One of Elkin’s department heads received a promotion in title Monday night as the board of commissioners voted to add the role and duties of assistant town manager to Adam McComb’s already held position of parks and recreation director.
No assistant town manager had been named since John Holcomb, who had served as finance director and assistant town manager, was promoted to town manager, keeping his role of finance director. But that changed during Monday’s commissioners meeting as those duties and title were bestowed by McComb through a change in the town’s personnel job descriptions in a unanimous vote following a motion by Commissioner J.L. Lowe and second from Commissioner Dr. Skip Whitman.
At this point, the new role does not include any immediate pay increases, although Holcomb expects that to be worked out as McComb gradually takes over the duties of assistant town manager.
In addition to the new job description for McComb, a job description was approved for the new role of fire recruitment and retention coordinator, a full-time position with the fire department which will be fully funded for four years through the recent SAFER grant received by the town’s fire department.
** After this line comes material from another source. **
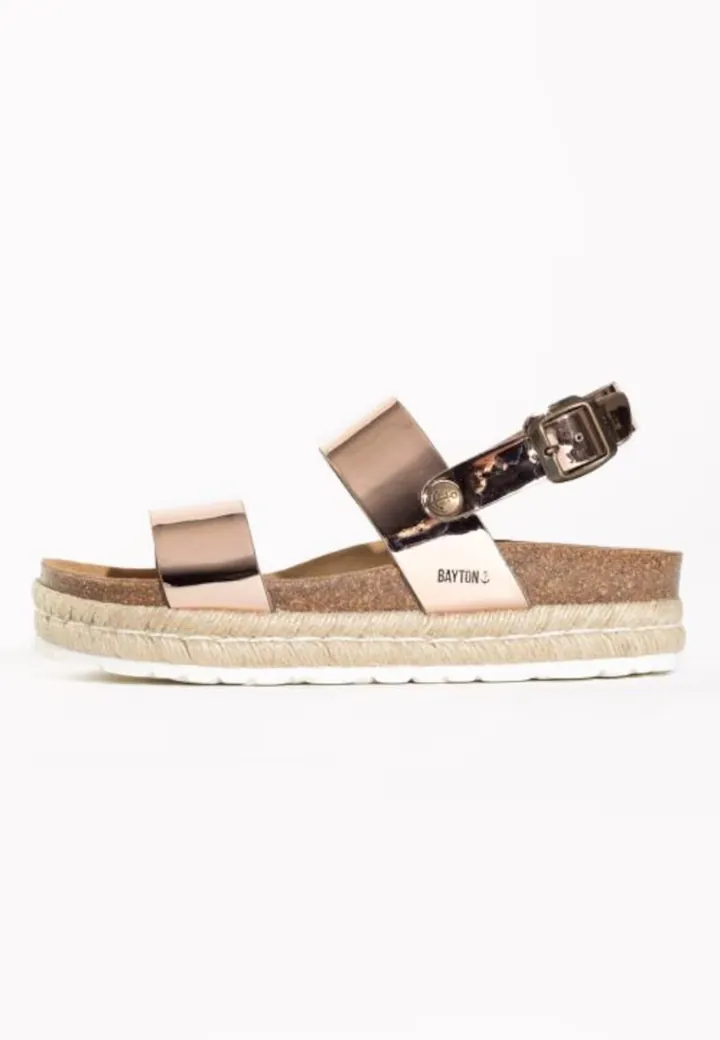 Bayton Sandalias 'Gaceo' oro rosa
Along with the new job descriptions being approved, the commissioners unanimously approved the changes to the salary schedule for town employees to accommodate those.
The title of assistant town manager/recreation and parks director will fall in the salary range of $53,265 to $76,094, while the fire recruitment and retention coordinator is in the $37,855 to $54,078 range. The SAFER grant funds the coordinator role at about $41,000 a year, Holcomb reported.
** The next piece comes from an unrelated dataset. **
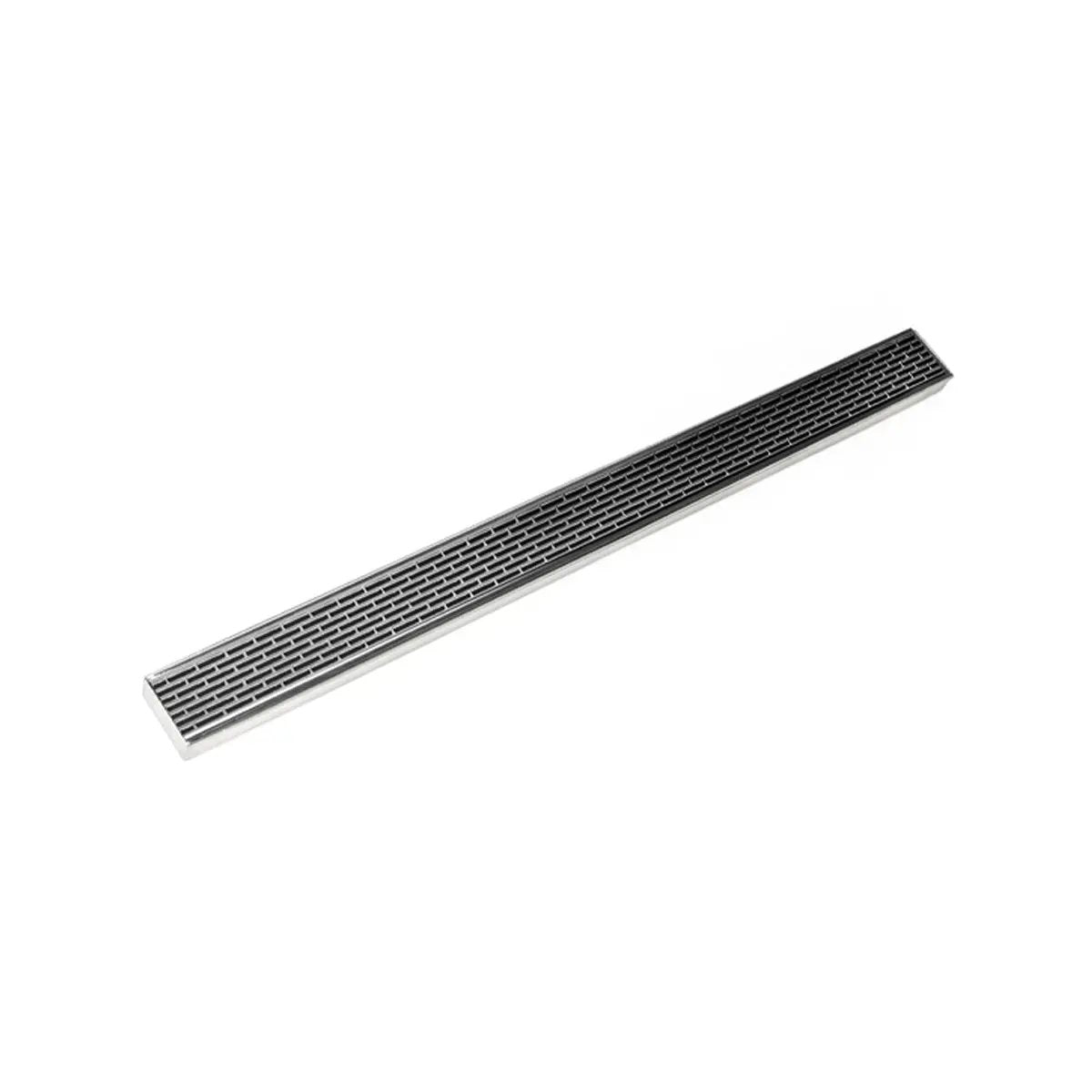 Infinity Drain 72" S-Stainless Steel Series Complete Kit with 2 1/2" Perforated Offset Slot Grate by Infinity Drain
Also during Monday’s meeting, the board approved the rezoning of property at 943 N. Bridge St., from R-12 Residential to B-2 Highway Business.
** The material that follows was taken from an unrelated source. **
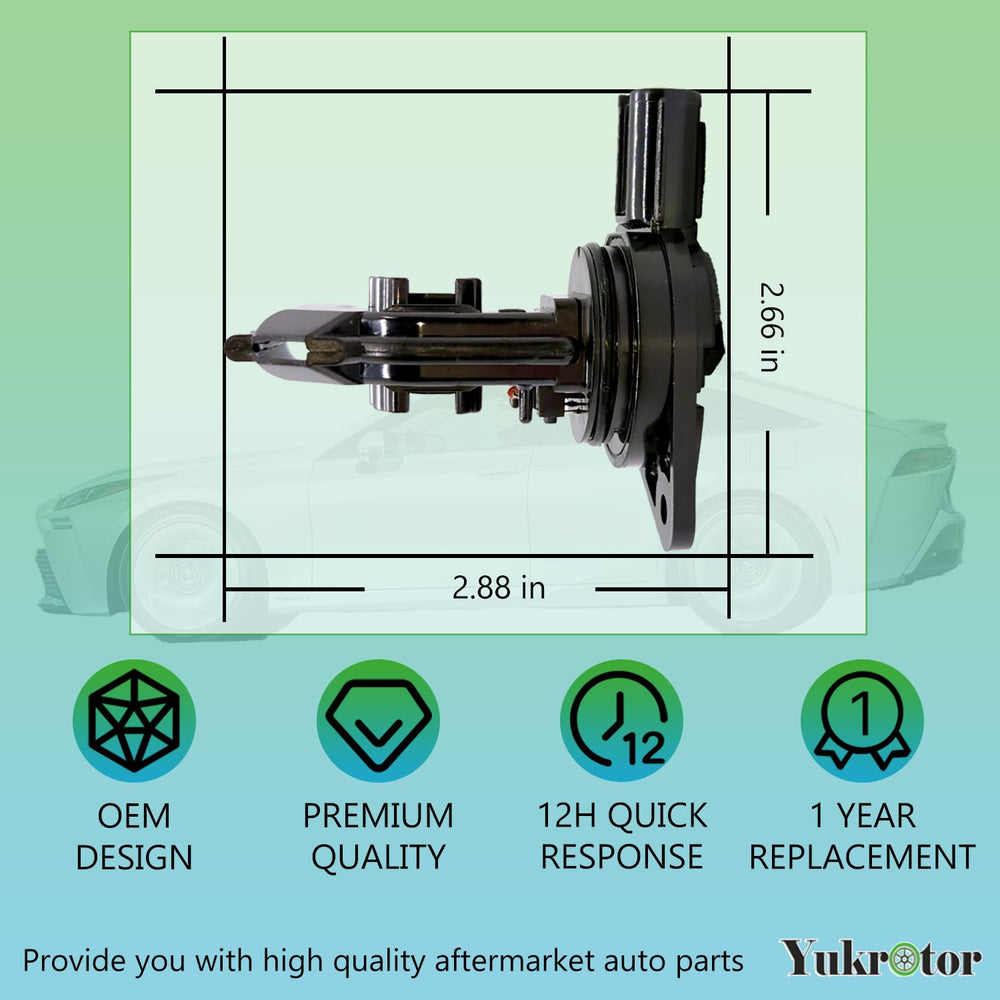 Yukrotor MAF sensor packaging protects components during shipping.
A public hearing was held prior to the vote, but no one spoke for or against the action. According to town Planning Director George Crater, the neighbors were at the town planning board meeting when the recommendation for approval was given for the commissioners’ action, and the neighbors were in favor of the rezoning.
A small portion of the property, which sits off the roadway behind a barbecue restaurant and the former location of US Safety of NC, will remain zoned R-12.
Martha Smith, branch librarian at the Elkin Public Library, gave a short report on the status of the library attendance and use during the 2015-16 fiscal year and thanked the commissioners for their contribution to the library budget.
“We have had an increase in people entering the library and the number of items circulated,” Smith said.
She reported that 54,500 items were circulated during the year, a seven-percent increase over the previous year. Also, the number of people through the door increased to 40,300, a six-percent increase; and there were 11,200 program attendees, which was a 26-percent increase.
Smith credited two things for the jumps — more programs being offered and the Northwestern Regional Library joining the Cardinal program, which provides more offerings for library patrons to check out.
Ed Lankford, a resident of Woodrun Apartments, which is just off CC Camp Road/N.C. 268 Bypass near its intersection with North Bridge Street, addressed the commissioners during the public comments session. He expressed his concern with the road noise from the use of jake brakes, or engine brakes, by tractor-trailer drivers in town as well as the trucks’ use of straight pipes without mufflers, noting that federal law requires them to use mufflers.
Lankford, who said he was a truck driver for many years, also shared his disdain for the noise at all hours of the day and night coming from the area of Sheetz, either from small cars with special mufflers that create noises, or from tractor-trailers who park there, or nearby at Food Lion, to sleep for the night and keep their refrigeration units and trucks running. He also took issue with the dumpster at Sheetz being emptied between 3 a.m. and 6 a.m.
Another noise problem Lankford highlighted was with vehicles at the car wash on North Bridge Street, who choose to air loud bass from their radio systems with their doors open while vacuuming their cars.
After doing research, Lankford said he learned the town can pass an ordinance and erect signs to prohibit the use of jake brakes in town, and he asked if the property owners near Sheetz can erect signs requesting no overnight parking by tractor-trailers.
Mayor Lestine Hutchens said the town officials would speak with Police Chief Monroe Wagoner about increasing patrol to monitor the sound in that area of town.